Di sekitar juga banyak tercium bau amis kematian!  Bukan, hanya fisik tetapi kematian spirit, semangat, ketiadaan pengharapan hidup dengan pesimisme. Selain itu banyak juga yang mengalami kematian moralitas dan hati nurani sehingga tidak lagi mampu melihat apalagi melakukan kebenaran. Saat ini semakin banyak orang, yang mungkin saja tidak terang-terangan, mengikuti nasehat Nietzsche, harus mematikan nurani dan belarasa terhadap penderitaan rakyat kecil, tidak lagi mengindahkan kaidah moralitas tetapi terus memupuk egoism, melakukan kekerasan, memupuk kerakusan diri sehingga korupsi dan keserakahan diagungkan. Di sinilah, Tuhan menempatkan kita untuk berperan seperti Petrus yang membangkitkan!

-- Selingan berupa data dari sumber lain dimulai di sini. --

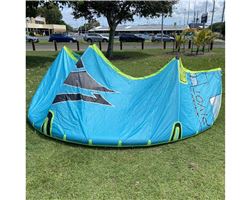 Naish Pivot S28 8 metre kiteboarding kite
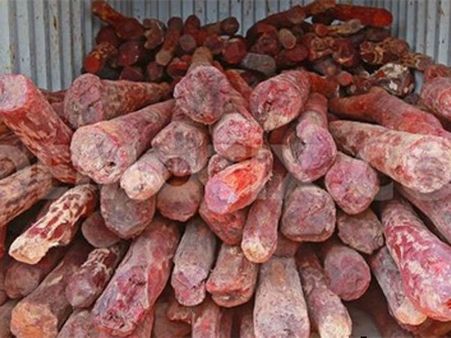 ఎర్ర దొంగలపై పోలీసుల కాల్పులు: 150ఎర్రచందనం దుంగలు సీజ్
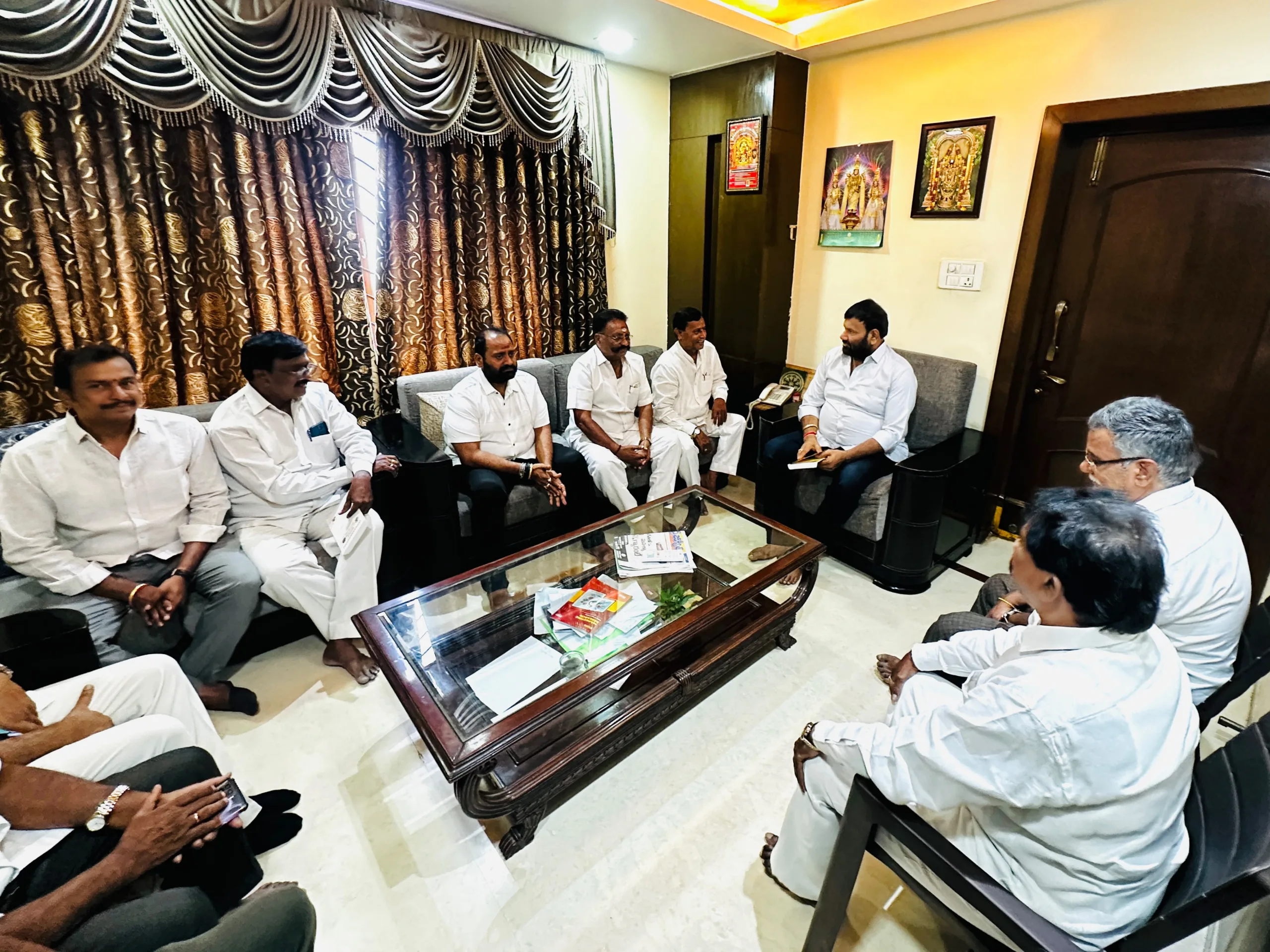 వివిధ సమస్యల పై వచ్చిన కుత్బుల్లాపూర్ నియోజకవర్గ ప్రజల నుండి వినతులను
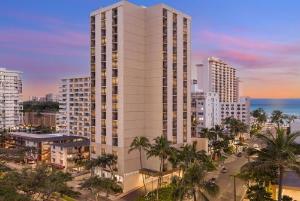 Hyatt Place Waikiki Beach (includes Breakfast), Honolulu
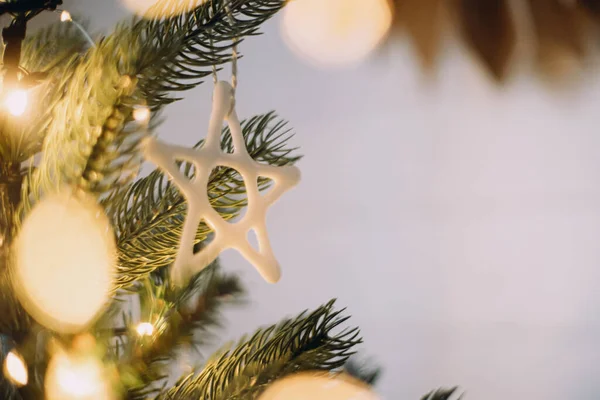現代のガラスクリスマスの装飾品 白い泡と黄金のクリスマスライトボケソフトフォーカス テキスト用のスペース 大気中のお祝いの装飾された北欧の部屋 スタイリッシュなクリスマスの星の装飾 — ストック写真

Petrus dapat melakukan tugasnya dengan baik bahkan sampai akhir hidupnya ketika ia sendiri telah mengalami kasih dan kebangkitan Tuhan. Tidak ada yang mustahil dapat kita lakukan di era modern ini jika saja kebangkitan dan kuasa Allah yang menopang dan memulihkan itu bukan hanya sebagai dijadikan sebagai wacana dan keyakinan saja melainkan telah menjadi pengalaman eksistensial yang mendarah daging dalam kehidupan kita kini dan di sini.